One current proposal to deal with unreliable grids is to use a microgrid, where some power is generated locally to increase reliability. The Sanger Institute is on trend here: for more than seven years it’s had a combined cooling, heat and power (CCHP) system on the Morgan building’s roof. It uses natural gas to deliver 2MW of electrical power, while capturing waste heat for use in the buildings, while also providing energy for cooling systems, so it can deliver about 1MW of cooling.
This makes good economic sense, since gas costs around half the price of electricity per kWh, and it could conceivably provide primary power, with the grid switched for backup and office use.
But that’s not how the Wellcome campus works, says Binley: “We are not the only essential service on campus. We've got to keep the sequencers running. If they dry up, our reason to be here goes away.” So the CCHP doesn’t support the data center directly. It puts 2MW into the campus ring, and increases reliability overall.
Another data center efficiency trend fell foul of economics, however. Some data centers that are keen to reduce their environmental footprint are making their waste heat available for use by their neighbors.
It’s normally thought that liquid cooling makes this easier, because it delivers waste heat in a more concentrated and easily usable form. But it’s not that simple, as the Sanger Institute found.
The warm air from the legacy halls was relatively easy to plumb into the CCHP’s heat reclamation system, but in the blue hall, the use of liquid cooling means the waste air is no longer warm enough to consider. “The heat recycling in the legacy hall is legacy heat recycling,” he explains. “It supplements the building‘s heating in the winter. In the new hall, the air is cooler.”
Meanwhile, it turned out recycling the heat from the water wasn’t viable, because of the level of investment required: “This is a £9 million ($11m) room, directly supporting the science,” he explained. Adding heat reuse would have added £4m ($4.8m) to the cost, and saved a much smaller figure.
“That £4m could pay for a number of PhD students,” he says. “They could work on a program like eradicating malaria.
“For us, the important thing is to enable world-class science,” he says. “The Wellcome Trust is a charity. It gives its results away and doesn’t get government grants. We have to be as careful with our money as a commercial organization.”
The future of gene sequencing
All data center managers look to the future, as the demands on their systems develop and the technology evolves. For Binley, there are multiple developments to follow, as the technology of sequencing develops in parallel with the IT.

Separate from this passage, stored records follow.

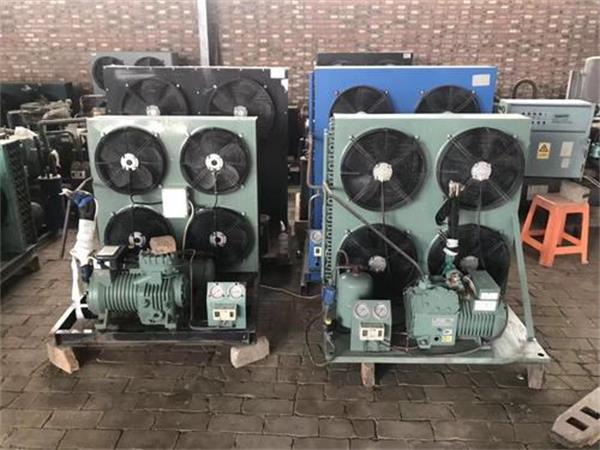 1-1911231PA6.jpg 1-1911231PA6.jpg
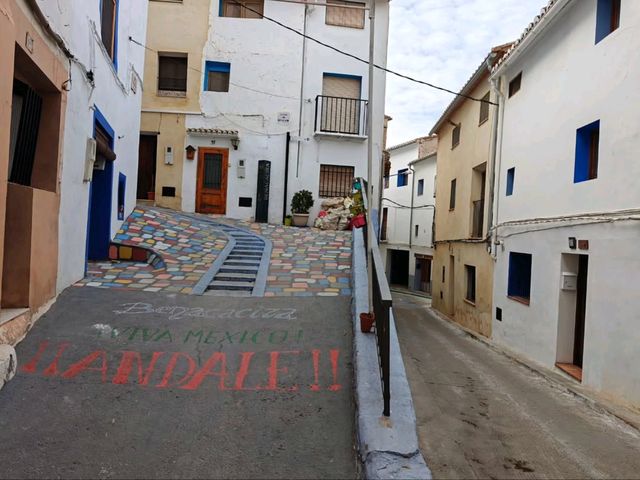 Wandering Through Chelva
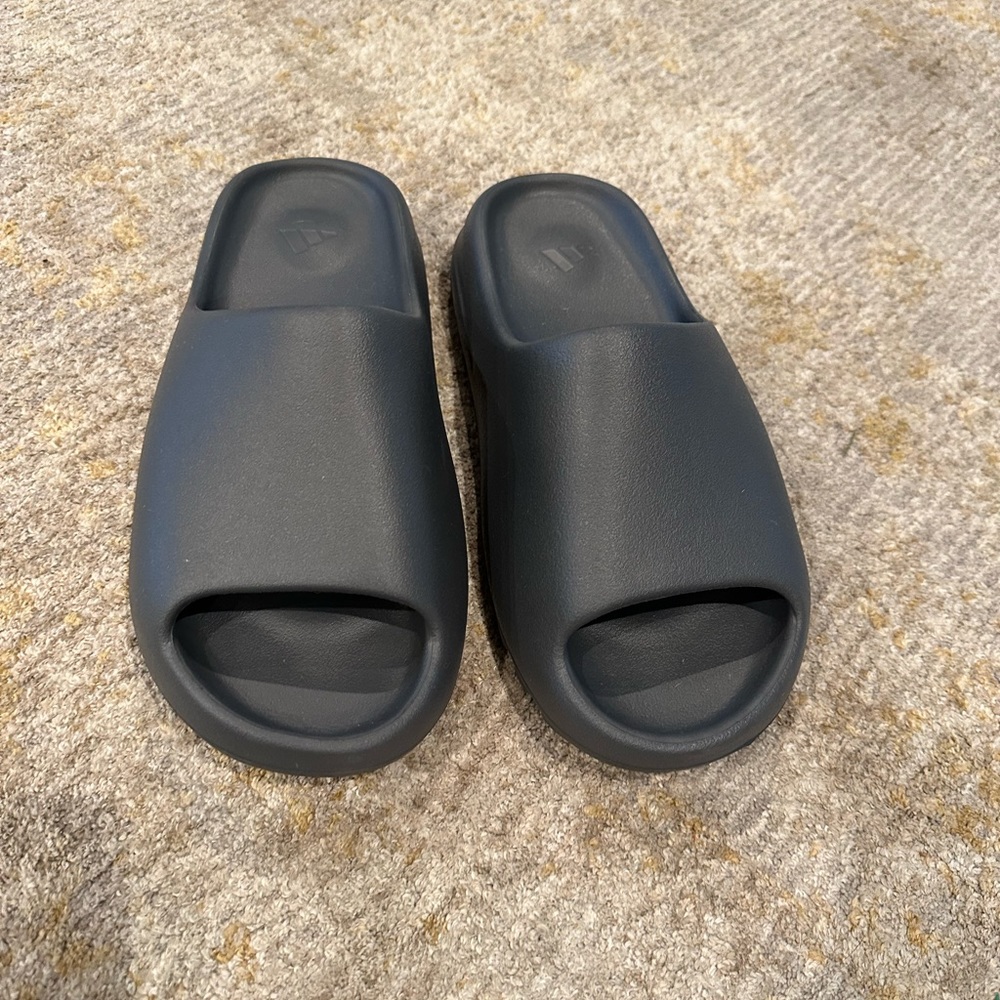 Slate Yeezy slides NEW Never worn Men’s 9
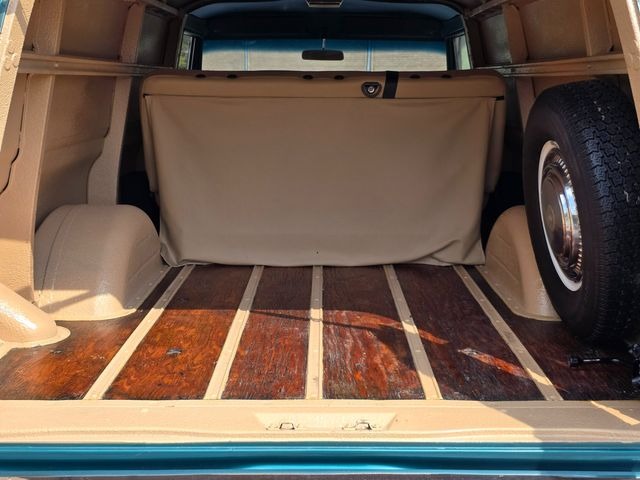 1970 Chevrolet C10 Panel Truck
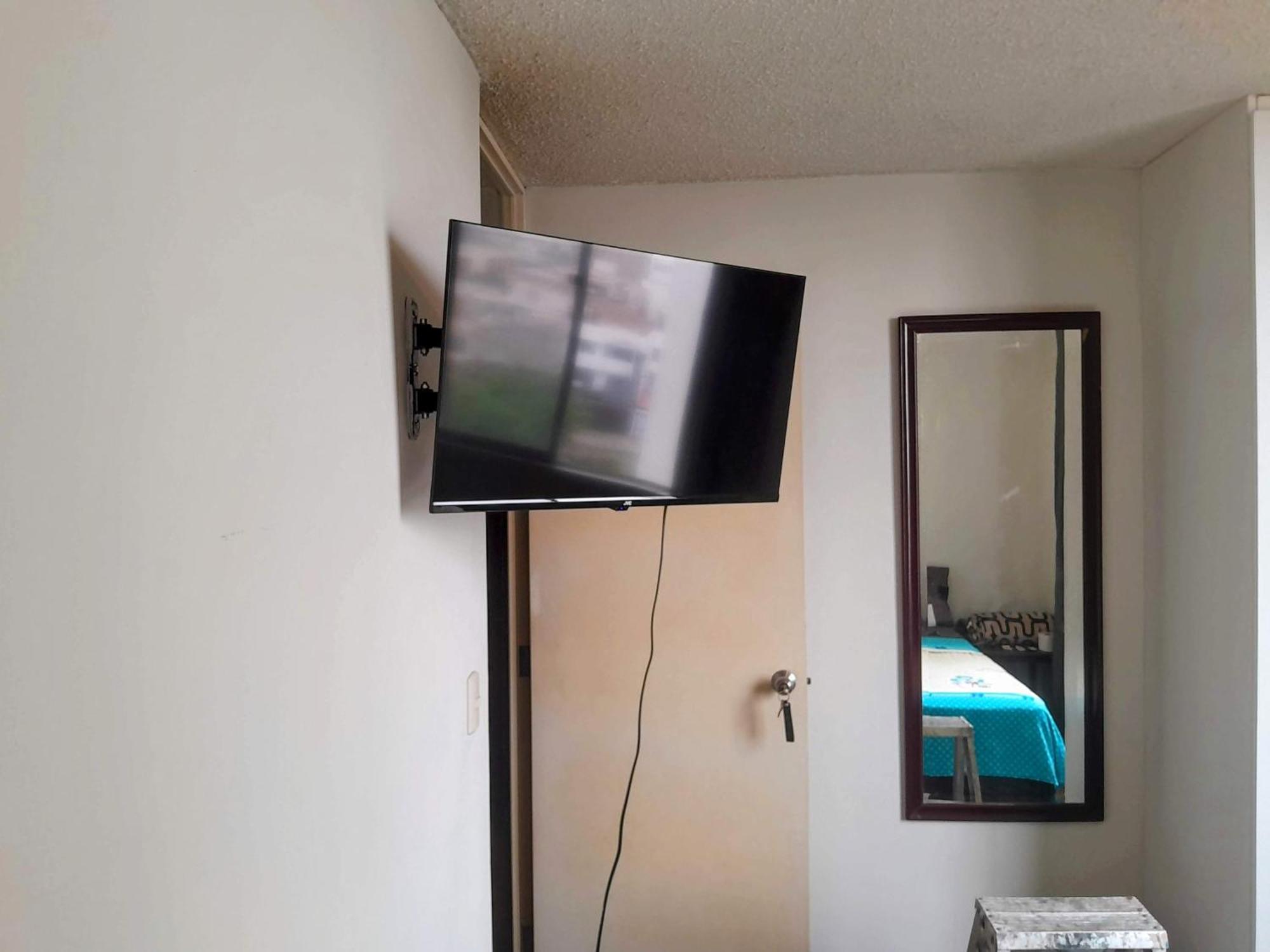 "San Miguel Airport Rooms & Coffee", Cerca Al Nuevo Aeropuerto 利马 外观 照片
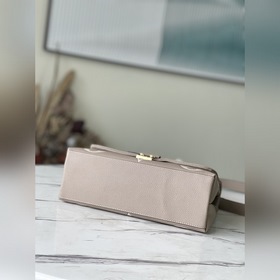 LV Артикул： M46041 Двухцветная сумка из зернистой кожи Средняя с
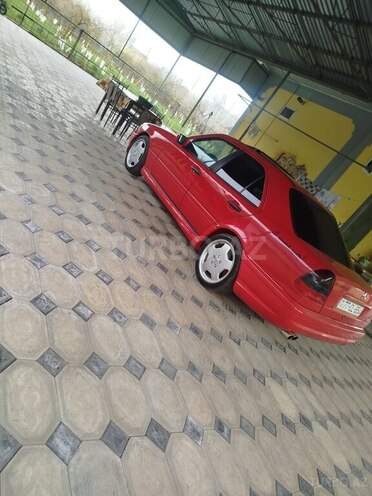 Mercedes C 180-4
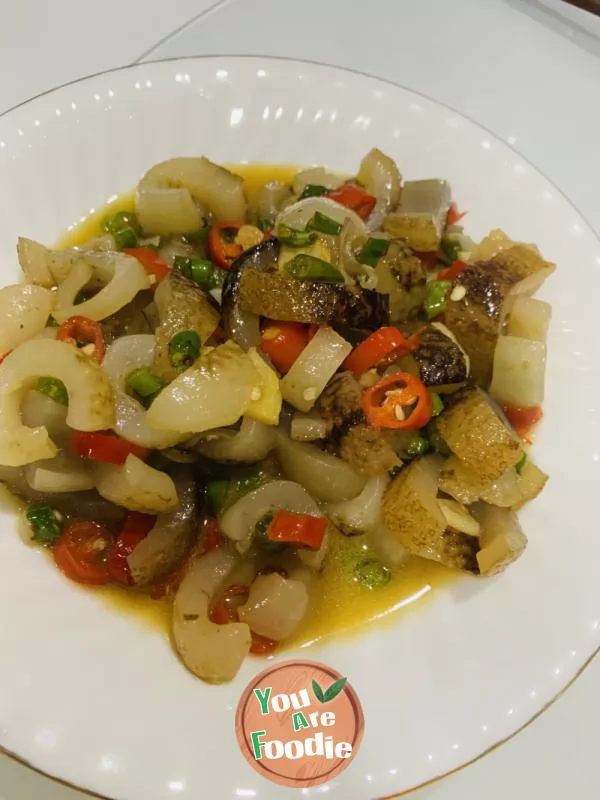 Fried-sea-cucumber-with-small-green-pepper-and-red-pepper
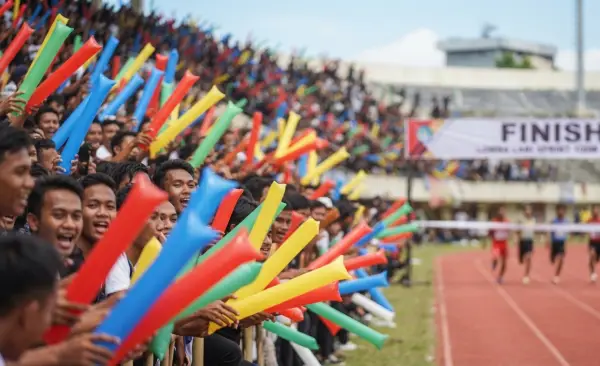 Balon Tepuk Indramayu sebagai media dukungan untuk peserta lomba lari sprint.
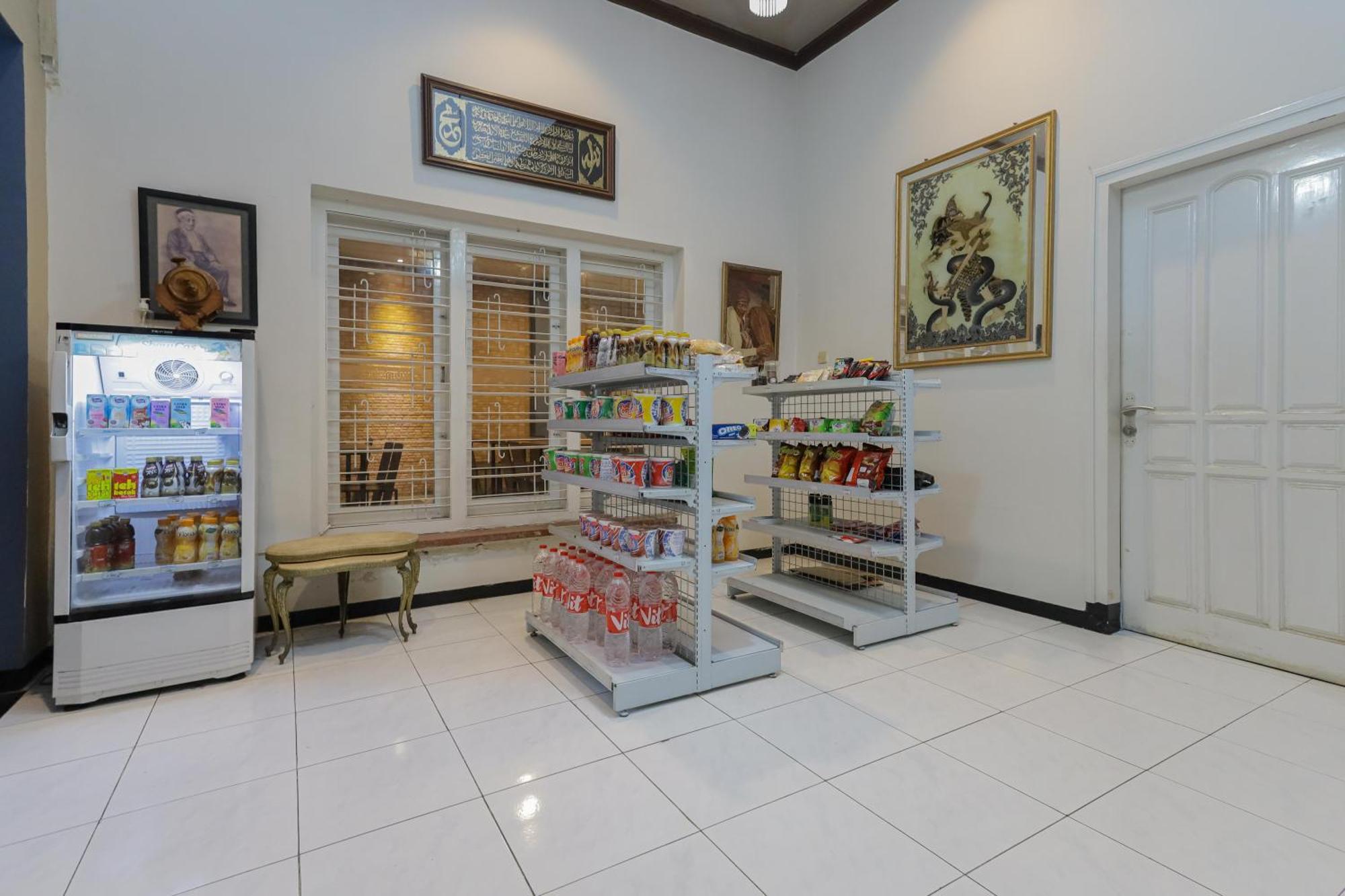 מאלאנג Reddoorz Plus At Swun Stay Raya Langsep מראה חיצוני תמונה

Once again, the sequencers get priority, and the Institute has to balance the available resources between doing more gene sequencing, and ensuring that there’s enough IT resource to handle the output.
This could have interesting results in the future. As IT evolves into ever more compact forms, Binley thinks he may be able to continue to grow the power of the data center, while shrinking its size.
It could soon be possible to take all three legacy halls and provide a larger IT resource in a single hall. In five years, he can imagine fitting all the resources the campus needs into two halls.
When that happens, he says, it might be possible to switch two halls for lab space, allowing for more sequencers right next to the data halls.
Why would he be considering this? Those machines would have the benefit of close network links to the data center, and they’d be directly on its protected power supply, no longer needing remote dedicated UPS.
Once again, it comes back to the primacy of the research. This could be the largest biosciences data center in Europe - but it’s still just there to serve the scientists.